Critique – Mécanique de la chute – Seth Greenland – Liana Levi
Jay Gladstone, juif à la cinquantaine bien avancée, est un modèle de réussite sociale qui a su faire prospérer l’empire immobilier construit par son père, descendant d’un émigré russe.
Malgré son argent et un orgueil démesuré, Jay est un type plutôt bien, soutien d’Obama, sensible à la condition des Afro-Américains auxquels il distribue de l’argent via sa fondation. Il a également la fibre écolo. Pondéré, jamais un mot plus haut que l’autre, il est l’incarnation de la maîtrise de soi, du politiquement correct et arbore bien évidemment tous les signes extérieurs de la richesse : une magnifique propriété, une seconde épouse ravissante, intelligente et beaucoup plus jeune que lui et, son péché mignon, une équipe de basket.

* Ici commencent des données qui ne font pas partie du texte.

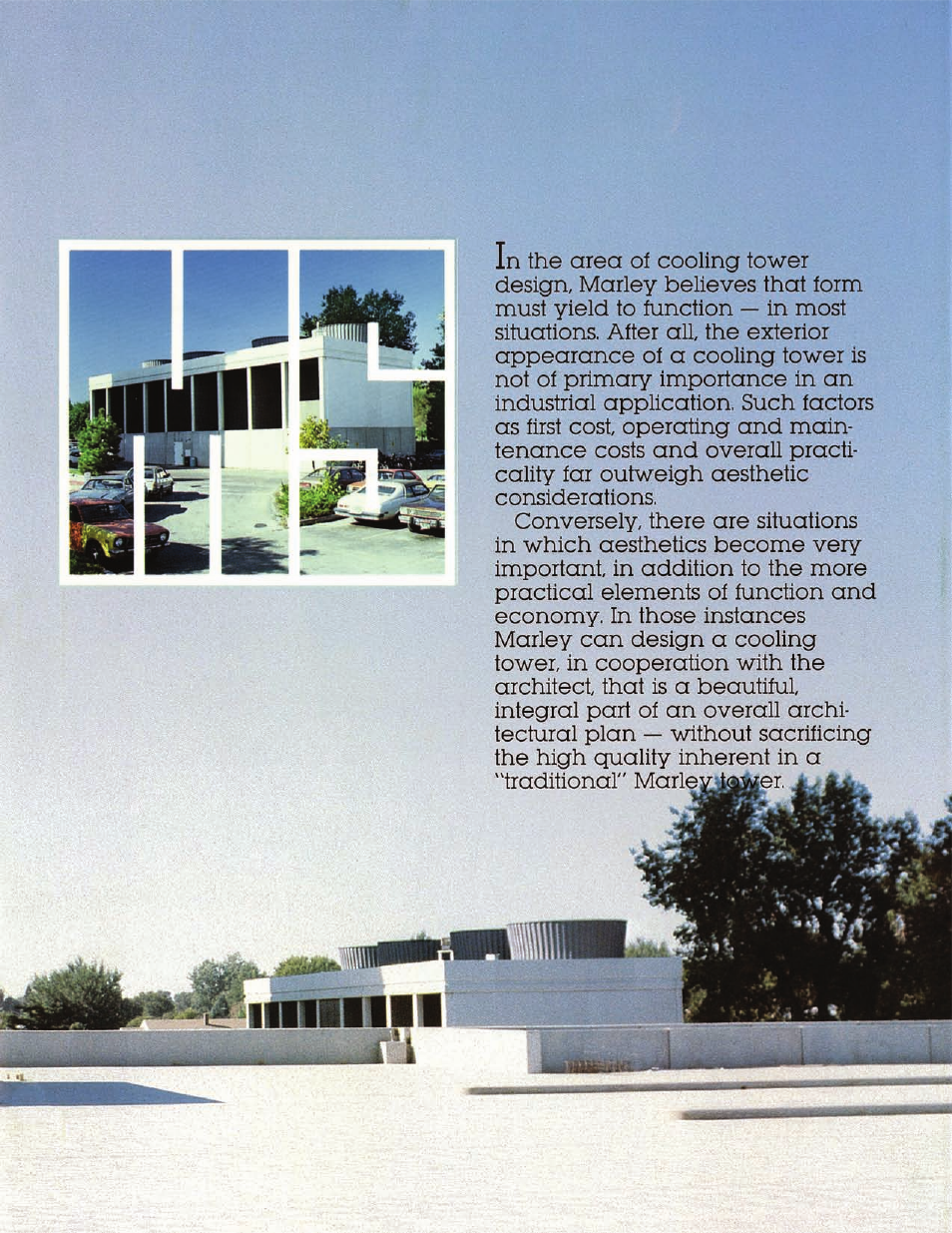 SPX Cooling Technologies CoolingTower Marley MS User Manual | Page 3 / 12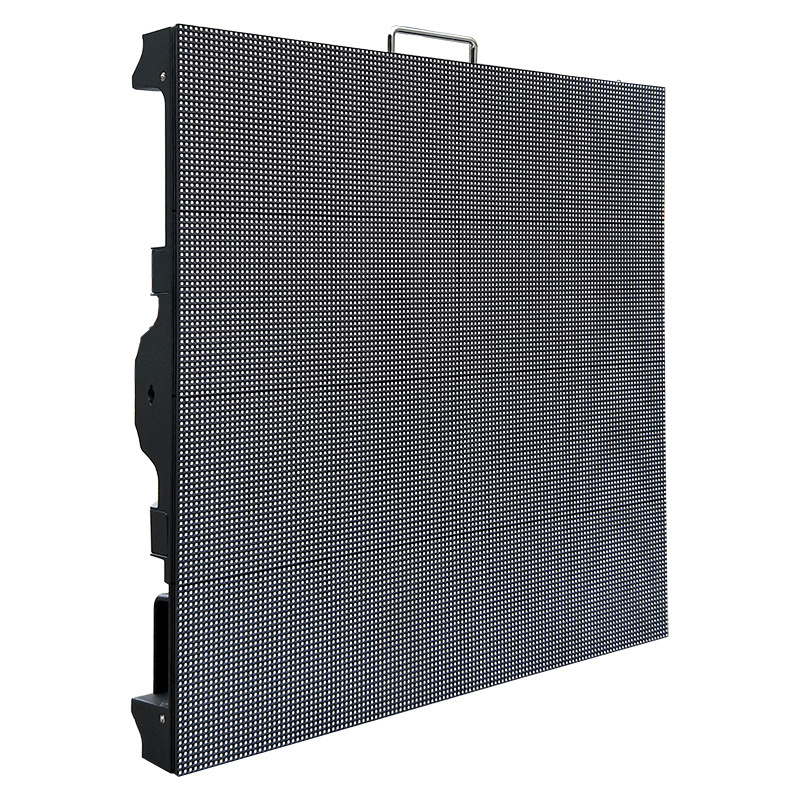 Indoor big led display screen video wall panel p4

Quelques gros grains de sable vont venir fragiliser cet équilibre. Son associé et cousin détourne l’argent de l’entreprise, sa fille, en rébellion contre son père, couche avec une Noire adepte du postcolonialisme, son joueur star fait des caprices, son épouse veut un enfant (ce qui n’était pas prévu dans le contrat de mariage !), une procureure ambitieuse et cynique fait du zèle… Bref, rien ne va plus au royaume de Jay Gladstone. Et la descente aux enfers est inéluctable. Celui qui a été encensé, le plus souvent par intérêt, est désormais traîné dans la boue.
Mené tambour battant, « Mécanique de la chute » souligne les travers de la société américaine : culte de l’argent, collusion entre les politiques et les patrons, racisme, bien-pensance, hypercommunication et, surtout, accentuation des communautarismes, victimisation des minorités qui revendiquent le monopole de la souffrance, réseaux sociaux qui recherchent des boucs émissaires responsables de tous leurs maux…
Alors que le cartésien Jay tente de rester droit dans ses bottes, le monde autour de lui sombre dans l’irrationnel et l’émotion. Chacun prétend détenir sa vérité en détruisant toute possibilité de dialogue avec celui qui n’est pas d’accord. C’est à la fois drôle et effrayant pour l’avenir.